« En attendant Godot » est sans doute l’œuvre la
plus célèbre de Samuel Beckett. Et si vous ne connaissez pas son travail, il
est bien d’en lire un bref résumé avant de l’aborder : on ne lit pas et on
ne va pas voir du Beckett comme on irait voir le dernier Spielberg…
Si d’aucuns décrivent le scénariste et écrivain irlandais
comme une des figures emblématiques du théâtre de l’absurde, lui s’en
défendait. C’est pourtant bien dans ce courant que se glisse « En
attendant Godot », qu’Alain Françon a mis en scène de sorte qu’elle reste
très abordable pour le grand public. Même si chacun mettra ce qu’il voudra
derrière la qualification « d’absurde ».
Sur les planches de la Scala, un arbre sans feuille, un bout
de rocher, un sol gris, des costumes gris, et une grande toile de fond qui
pourrait symboliser aussi bien un ciel qu’une montagne. Dans ce paysage aride,
presque lunaire, dans lequel s’immiscent quelques furtives mais intenses
couleurs bien à-propos, les deux personnages principaux, Vladimir et Estragon,
attendent un certain Godot dont on ne sait rien. On attend Godot, et on ne sait
pas vraiment pourquoi. Et Godot ne vient pas.

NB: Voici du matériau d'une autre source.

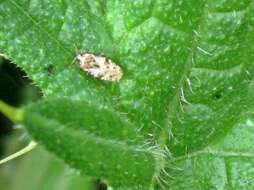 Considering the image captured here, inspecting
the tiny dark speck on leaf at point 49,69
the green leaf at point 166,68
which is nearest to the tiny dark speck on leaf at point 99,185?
the green leaf at point 166,68

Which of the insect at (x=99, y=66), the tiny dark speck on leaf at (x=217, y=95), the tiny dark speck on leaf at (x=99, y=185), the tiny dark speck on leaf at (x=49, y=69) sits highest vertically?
the tiny dark speck on leaf at (x=49, y=69)

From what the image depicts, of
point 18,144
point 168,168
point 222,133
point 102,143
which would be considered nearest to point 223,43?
point 222,133

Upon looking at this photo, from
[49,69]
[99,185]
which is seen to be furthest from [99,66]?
[99,185]

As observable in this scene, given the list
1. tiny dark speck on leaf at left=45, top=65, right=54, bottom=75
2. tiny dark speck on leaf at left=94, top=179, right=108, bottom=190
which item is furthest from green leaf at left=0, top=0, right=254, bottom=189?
tiny dark speck on leaf at left=94, top=179, right=108, bottom=190

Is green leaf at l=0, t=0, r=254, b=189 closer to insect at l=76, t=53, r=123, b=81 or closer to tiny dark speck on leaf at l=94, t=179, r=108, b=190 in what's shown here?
insect at l=76, t=53, r=123, b=81

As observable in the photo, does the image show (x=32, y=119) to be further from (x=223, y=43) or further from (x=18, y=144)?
(x=18, y=144)

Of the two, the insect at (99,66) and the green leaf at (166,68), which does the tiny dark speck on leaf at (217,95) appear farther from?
the insect at (99,66)

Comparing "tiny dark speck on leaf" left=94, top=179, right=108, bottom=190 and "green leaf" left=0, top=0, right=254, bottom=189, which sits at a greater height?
"green leaf" left=0, top=0, right=254, bottom=189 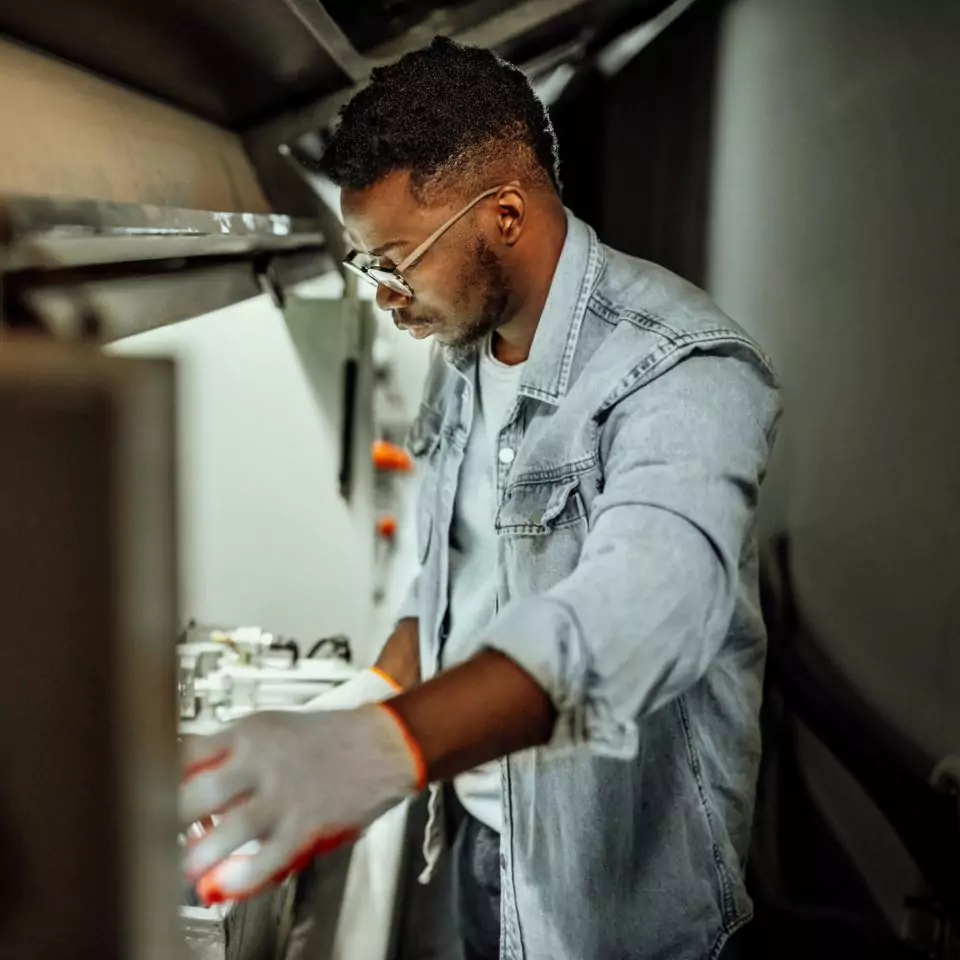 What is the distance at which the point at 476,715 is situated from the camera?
561 millimetres

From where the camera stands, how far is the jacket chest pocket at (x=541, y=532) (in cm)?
92

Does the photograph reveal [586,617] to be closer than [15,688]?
No

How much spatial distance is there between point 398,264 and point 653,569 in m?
0.51

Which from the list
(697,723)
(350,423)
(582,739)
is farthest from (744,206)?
(582,739)

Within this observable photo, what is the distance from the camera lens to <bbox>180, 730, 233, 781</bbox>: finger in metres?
0.53

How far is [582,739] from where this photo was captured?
58 cm

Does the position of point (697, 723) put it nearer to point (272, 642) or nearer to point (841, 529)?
point (841, 529)

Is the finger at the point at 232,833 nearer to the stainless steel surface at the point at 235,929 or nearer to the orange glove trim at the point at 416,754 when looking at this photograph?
the orange glove trim at the point at 416,754

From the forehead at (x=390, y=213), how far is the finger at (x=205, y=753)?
1.94ft

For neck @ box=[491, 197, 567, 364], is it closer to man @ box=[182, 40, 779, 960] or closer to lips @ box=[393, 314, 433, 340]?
man @ box=[182, 40, 779, 960]

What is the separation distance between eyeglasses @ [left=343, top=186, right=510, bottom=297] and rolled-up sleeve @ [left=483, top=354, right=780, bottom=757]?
30cm

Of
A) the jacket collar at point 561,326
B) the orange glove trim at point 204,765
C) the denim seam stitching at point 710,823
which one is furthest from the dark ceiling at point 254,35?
the denim seam stitching at point 710,823

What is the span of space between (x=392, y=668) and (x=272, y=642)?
38 centimetres

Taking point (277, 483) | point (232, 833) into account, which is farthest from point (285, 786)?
point (277, 483)
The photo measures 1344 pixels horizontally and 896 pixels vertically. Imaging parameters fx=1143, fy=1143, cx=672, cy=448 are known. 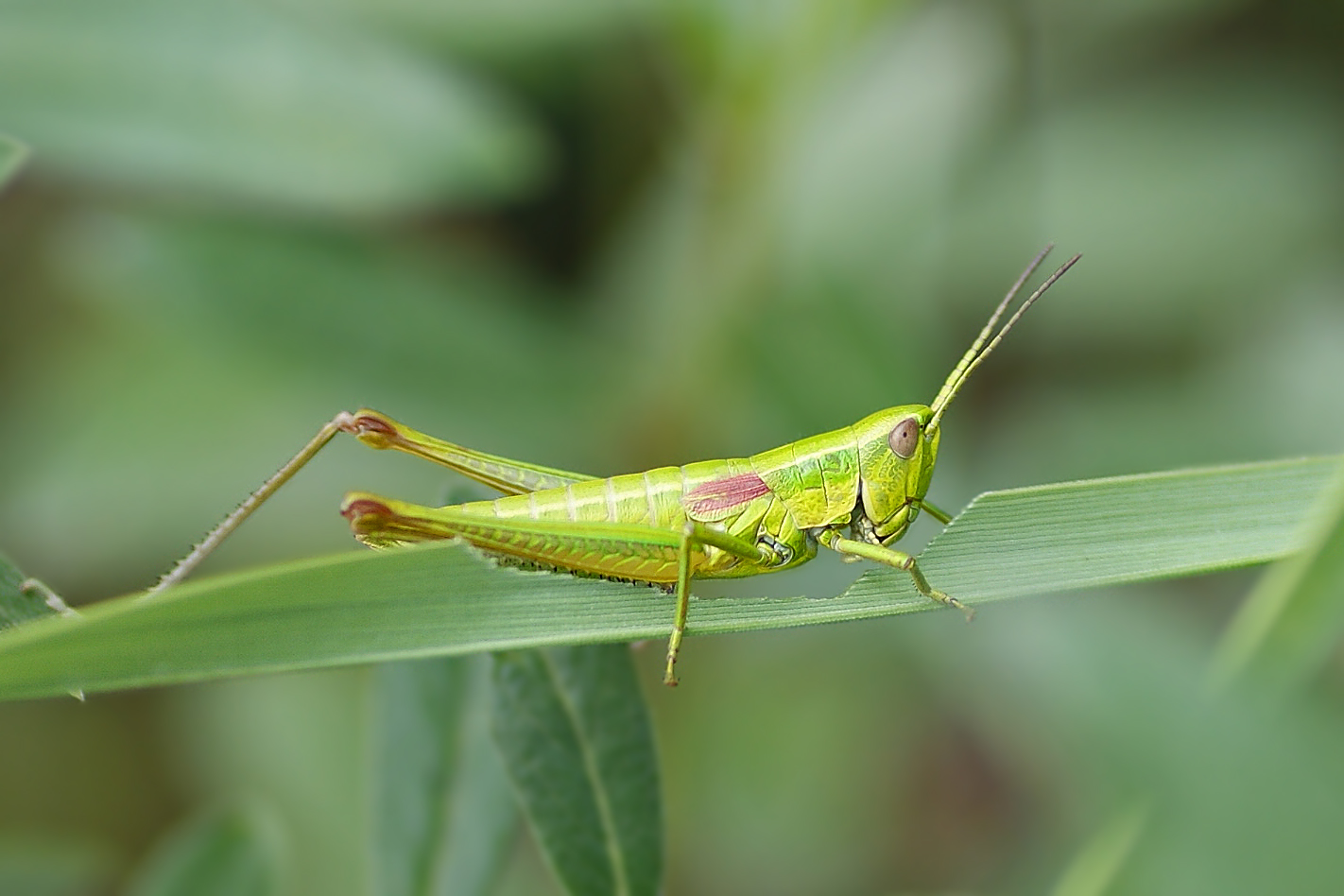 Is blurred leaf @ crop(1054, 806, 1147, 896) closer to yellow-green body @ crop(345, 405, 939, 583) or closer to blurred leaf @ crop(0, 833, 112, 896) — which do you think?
yellow-green body @ crop(345, 405, 939, 583)

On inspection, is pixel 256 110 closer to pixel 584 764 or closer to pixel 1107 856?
pixel 584 764

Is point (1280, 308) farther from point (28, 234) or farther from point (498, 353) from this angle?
point (28, 234)

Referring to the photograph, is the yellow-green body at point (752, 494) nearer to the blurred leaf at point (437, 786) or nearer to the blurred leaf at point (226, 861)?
the blurred leaf at point (437, 786)

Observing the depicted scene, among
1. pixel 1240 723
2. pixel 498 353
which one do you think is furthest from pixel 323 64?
pixel 1240 723

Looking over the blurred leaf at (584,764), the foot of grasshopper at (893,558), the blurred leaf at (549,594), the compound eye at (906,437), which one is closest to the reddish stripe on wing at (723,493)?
the foot of grasshopper at (893,558)

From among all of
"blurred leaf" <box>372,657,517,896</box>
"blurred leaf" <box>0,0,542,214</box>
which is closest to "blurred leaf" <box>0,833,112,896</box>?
"blurred leaf" <box>372,657,517,896</box>

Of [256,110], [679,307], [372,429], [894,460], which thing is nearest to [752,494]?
[894,460]

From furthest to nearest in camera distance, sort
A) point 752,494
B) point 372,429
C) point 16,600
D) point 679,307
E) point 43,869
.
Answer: point 679,307, point 752,494, point 372,429, point 43,869, point 16,600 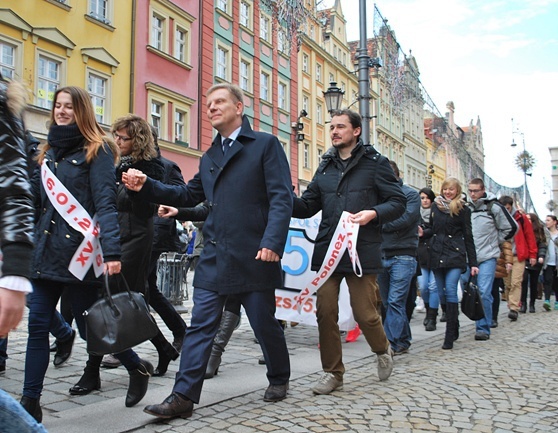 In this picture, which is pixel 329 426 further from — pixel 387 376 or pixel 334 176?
pixel 334 176

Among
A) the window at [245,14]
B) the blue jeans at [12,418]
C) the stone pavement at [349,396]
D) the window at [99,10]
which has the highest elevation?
the window at [245,14]

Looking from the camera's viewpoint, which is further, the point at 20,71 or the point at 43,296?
the point at 20,71

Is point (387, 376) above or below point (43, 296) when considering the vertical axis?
below

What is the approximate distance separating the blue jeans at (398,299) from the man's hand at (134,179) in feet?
10.5

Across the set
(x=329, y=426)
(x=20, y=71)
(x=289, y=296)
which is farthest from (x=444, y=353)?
(x=20, y=71)

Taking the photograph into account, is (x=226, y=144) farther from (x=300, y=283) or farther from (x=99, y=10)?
(x=99, y=10)

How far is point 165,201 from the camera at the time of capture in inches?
174

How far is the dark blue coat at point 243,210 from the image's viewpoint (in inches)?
164

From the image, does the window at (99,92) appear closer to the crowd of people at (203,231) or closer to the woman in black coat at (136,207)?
the crowd of people at (203,231)

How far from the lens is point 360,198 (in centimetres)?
509

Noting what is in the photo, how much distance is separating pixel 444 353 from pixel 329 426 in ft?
10.7

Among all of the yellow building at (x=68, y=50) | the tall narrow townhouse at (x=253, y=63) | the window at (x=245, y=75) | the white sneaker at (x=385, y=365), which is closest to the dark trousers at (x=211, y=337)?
the white sneaker at (x=385, y=365)

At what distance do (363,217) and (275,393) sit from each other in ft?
4.44

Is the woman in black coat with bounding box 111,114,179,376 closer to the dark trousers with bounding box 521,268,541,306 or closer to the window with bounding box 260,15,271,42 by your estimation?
the dark trousers with bounding box 521,268,541,306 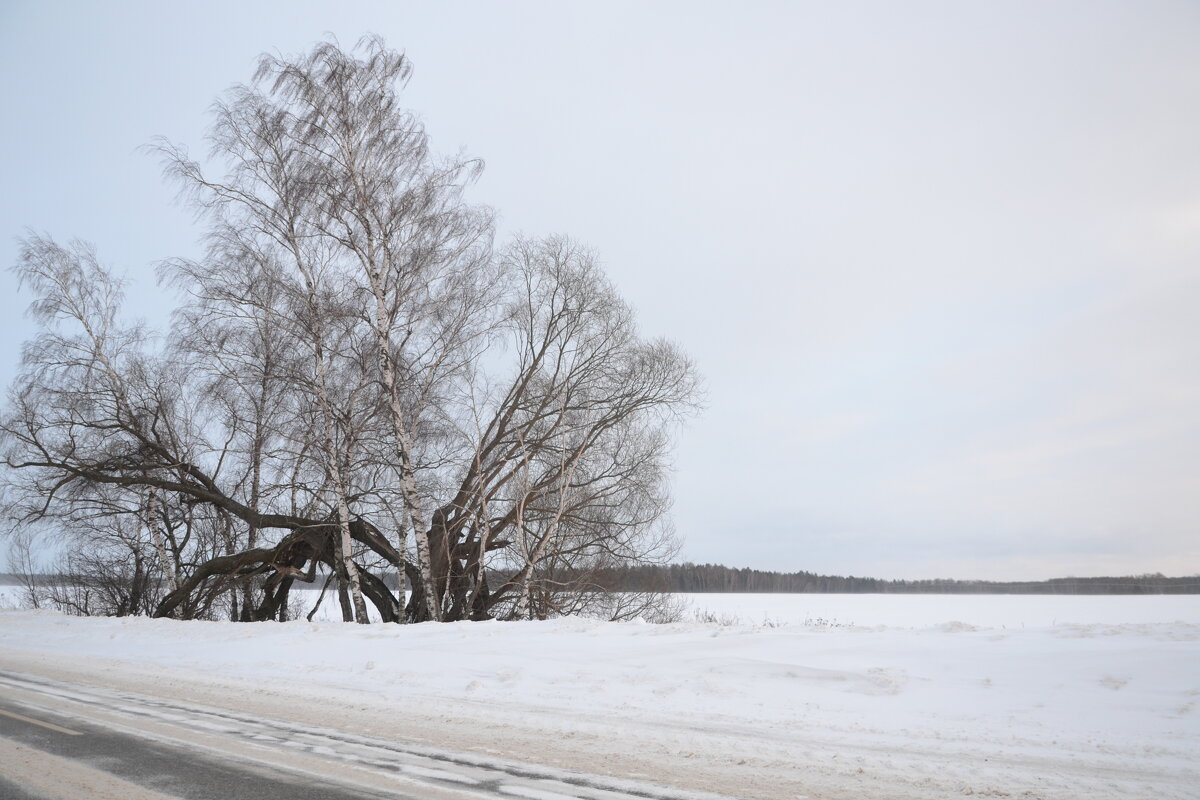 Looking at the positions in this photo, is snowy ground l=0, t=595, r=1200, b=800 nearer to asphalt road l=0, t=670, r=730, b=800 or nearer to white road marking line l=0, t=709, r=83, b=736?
asphalt road l=0, t=670, r=730, b=800

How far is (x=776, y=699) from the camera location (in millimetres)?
7695

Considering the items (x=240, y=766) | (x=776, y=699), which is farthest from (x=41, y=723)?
(x=776, y=699)

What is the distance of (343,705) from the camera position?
854cm

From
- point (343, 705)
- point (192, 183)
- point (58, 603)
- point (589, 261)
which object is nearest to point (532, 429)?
point (589, 261)

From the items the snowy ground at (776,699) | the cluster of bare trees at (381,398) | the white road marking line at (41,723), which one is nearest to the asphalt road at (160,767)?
the white road marking line at (41,723)

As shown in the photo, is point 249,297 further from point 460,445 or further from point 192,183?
point 460,445

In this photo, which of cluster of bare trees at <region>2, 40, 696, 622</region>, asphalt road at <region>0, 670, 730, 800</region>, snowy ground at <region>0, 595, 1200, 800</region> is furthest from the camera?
cluster of bare trees at <region>2, 40, 696, 622</region>

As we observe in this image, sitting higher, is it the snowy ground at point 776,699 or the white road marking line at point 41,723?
the snowy ground at point 776,699

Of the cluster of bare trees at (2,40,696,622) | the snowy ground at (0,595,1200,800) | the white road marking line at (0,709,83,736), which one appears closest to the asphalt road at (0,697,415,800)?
the white road marking line at (0,709,83,736)

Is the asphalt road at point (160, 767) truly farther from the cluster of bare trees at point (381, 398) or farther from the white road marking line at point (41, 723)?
the cluster of bare trees at point (381, 398)

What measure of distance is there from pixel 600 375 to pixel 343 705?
37.3 feet

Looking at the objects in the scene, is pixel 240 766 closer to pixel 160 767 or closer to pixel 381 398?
pixel 160 767

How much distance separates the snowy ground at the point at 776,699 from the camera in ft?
18.1

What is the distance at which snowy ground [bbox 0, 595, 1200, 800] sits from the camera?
5504 mm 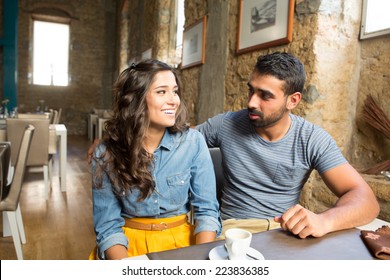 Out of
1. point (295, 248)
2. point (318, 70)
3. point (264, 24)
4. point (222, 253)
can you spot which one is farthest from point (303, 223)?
point (264, 24)

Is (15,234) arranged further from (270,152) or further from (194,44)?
(194,44)

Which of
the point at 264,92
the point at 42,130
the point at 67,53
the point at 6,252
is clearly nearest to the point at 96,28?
the point at 67,53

Une attente qui donne lieu à des punchlines drolatiques,
philosophiques, parfois les deux, captivantes pour un spectateur déjà hypnotisé
par une mise en scène humaine et un rythme très enlevé, dont on n’a pas l’habitude
chez Beckett. Le travail de Françon a ceci d’exceptionnel qu’il teinte l’ensemble
d’espoir et d’humanité, personnifiés par nos deux protagonistes dont la
profonde affection l’un pour l’autre transparaît au fur et à mesure de la pièce. Et comment ne pas mentionner les incroyables performances d'acteurs, notamment l'exceptionnelle tirade de « l'esclave » (il n'en a qu'une seule), un moment de théâtre remarquable qui reste gravé dans les esprits.
Incontournable pour qui veut s’initier à du Beckett et/ou du
Françon. Indispensable pour tous les autres.